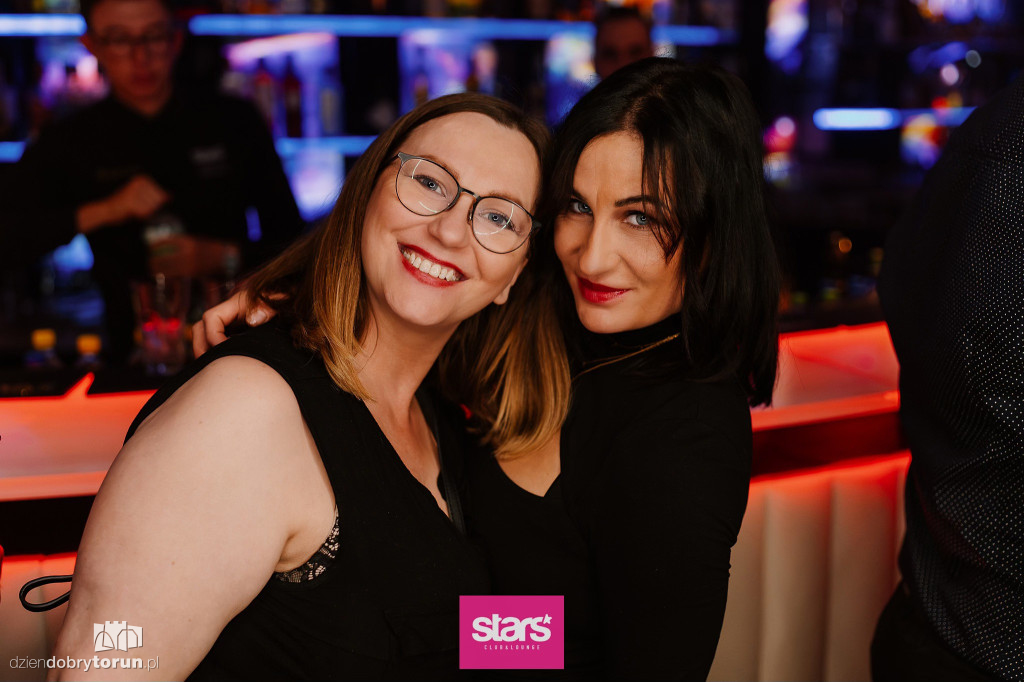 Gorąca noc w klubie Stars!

...

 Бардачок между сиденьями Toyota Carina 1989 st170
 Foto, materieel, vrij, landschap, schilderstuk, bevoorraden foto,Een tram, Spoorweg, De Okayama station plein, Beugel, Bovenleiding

* WHAT THE EXERCISE ASKS
Take the listing above and repeat exactly the lines from the one containing "Бардачок между сиденьями" through the one containing "Foto, materieel, vrij, landschap, schilderstuk, bevoorraden", both included.

* ANSWER SECTION
 Бардачок между сиденьями Toyota Carina 1989 st170
 Foto, materieel, vrij, landschap, schilderstuk, bevoorraden foto,Een tram, Spoorweg, De Okayama station plein, Beugel, Bovenleiding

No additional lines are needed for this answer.